BREAKING DOWN 'Macro Environment'The macro environment in which a company or sector operates influences its performance, and the amount of the influence depends on how much of the company's business is dependent on the health of the overall economy. Cyclical industries, for example, are heavily influenced by the macro environment, while consumer staples are less influenced. The macro environment can also greatly affect consumers directly, affecting their ability and willingness to spend. Consumers’ reactions to the broad macro environment are closely monitored by businesses and economists as a gauge for an economy’s health. Effects from some of the market’s key factors influencing the macro environment include the following:
Gross Domestic Product
GDP is a measure of a country’s output and production of goods and services. The Bureau of Economic Analysis releases a quarterly report on GDP growth that provides a broad overview of the output of goods and services across all sectors. GDP is often the lead influencing factor of corporate profits for the economy, which is another measure of an economy’s comprehensive productivity.
Inflation is a key factor watched by economists, investors and consumers. It affects the spending strength of the U.S. dollar and is a factor closely regulated through monetary policy by the Federal Reserve. The target rate for annual inflation from the Federal Reserve is 2%. Inflation higher than 2% significantly affects the purchasing power of the dollar, making each unit less valuable as inflation rises.

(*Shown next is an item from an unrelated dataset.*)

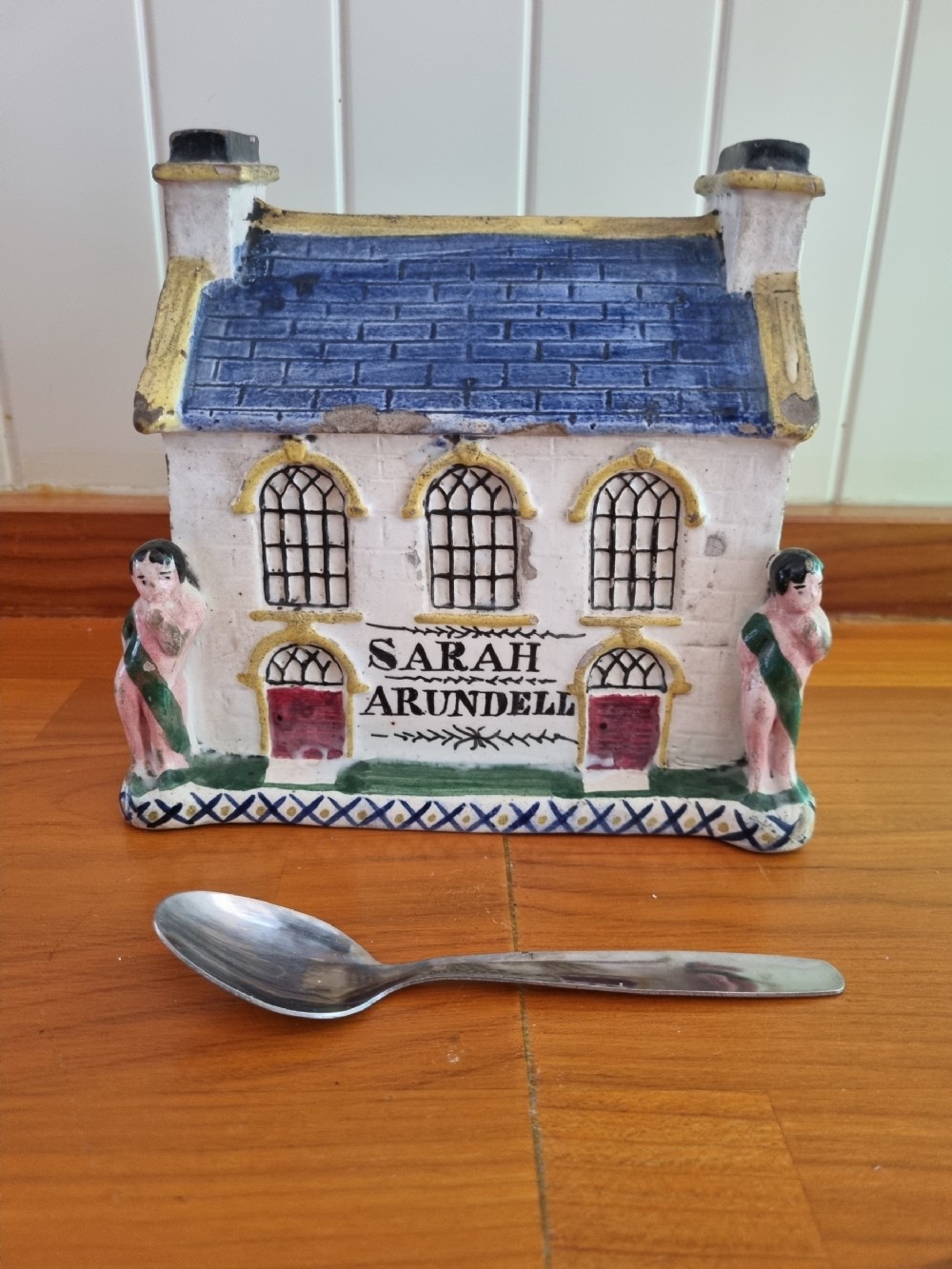 massive l18thce19thc prattware money box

Employment levels in the United States are measured by the Bureau of Labor Statistics, which releases a monthly report on increases in business payrolls and the status of the unemployment rate. As of June 3, 2016, the U.S. unemployment rate is 4.7%. The Federal Reserve also seeks to regulate employment levels through monetary policy stimulus and credit measures that can ease borrowing rates for businesses to help improve capital spending and business growth, also resulting in employment growth.

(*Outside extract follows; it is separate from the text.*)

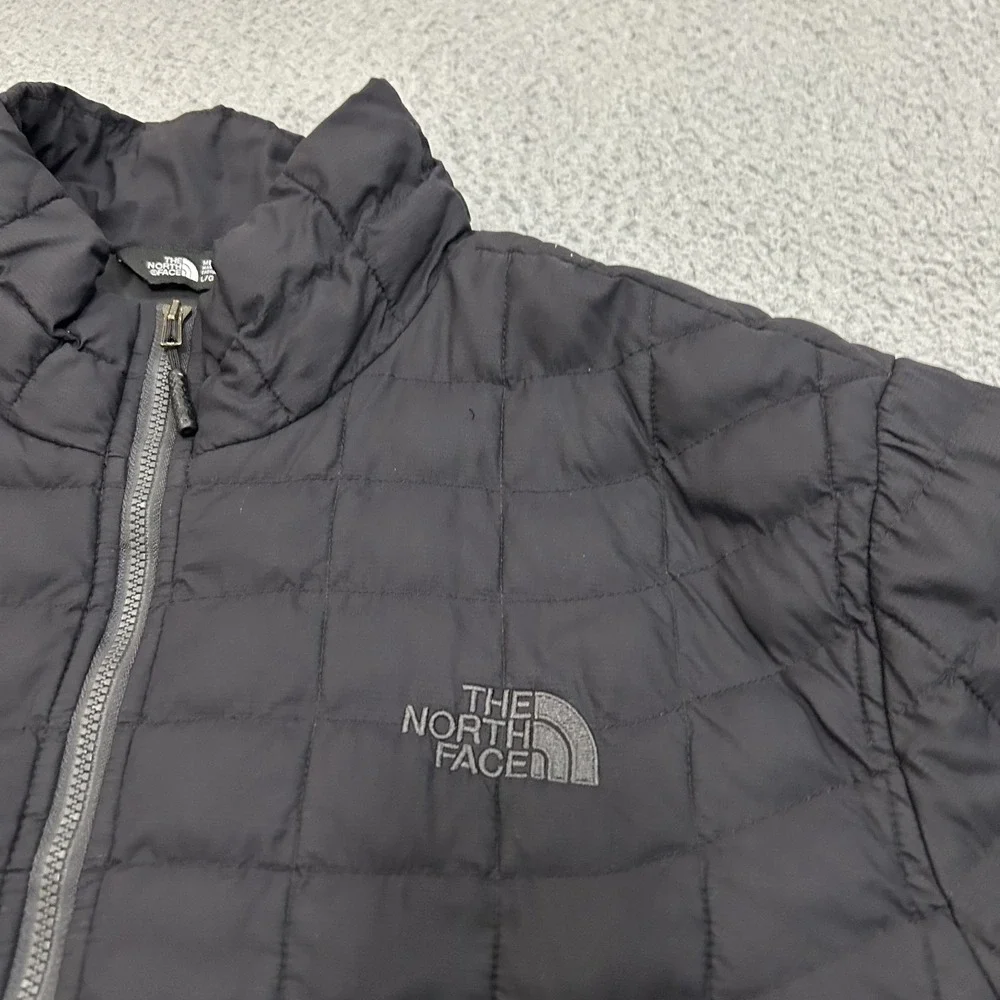 The North Face Jacket Mens Large Black Quilted Lightweight Thermoball Full Zip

The Federal Reserve’s monetary policy initiatives are a key factor influencing the macro environment in the United States. Monetary policy measures are typically centered around access to credit and federal interest rate limits, one of the main levers of the Federal Reserve’s monetary policy tools. The Federal Reserve sets a federal funds rate for which federal banks borrow from each other, and this rate is used as a base rate for all credit rates in the broader market. The tightening of monetary policy indicates rates are rising, making credit borrowing less appealing.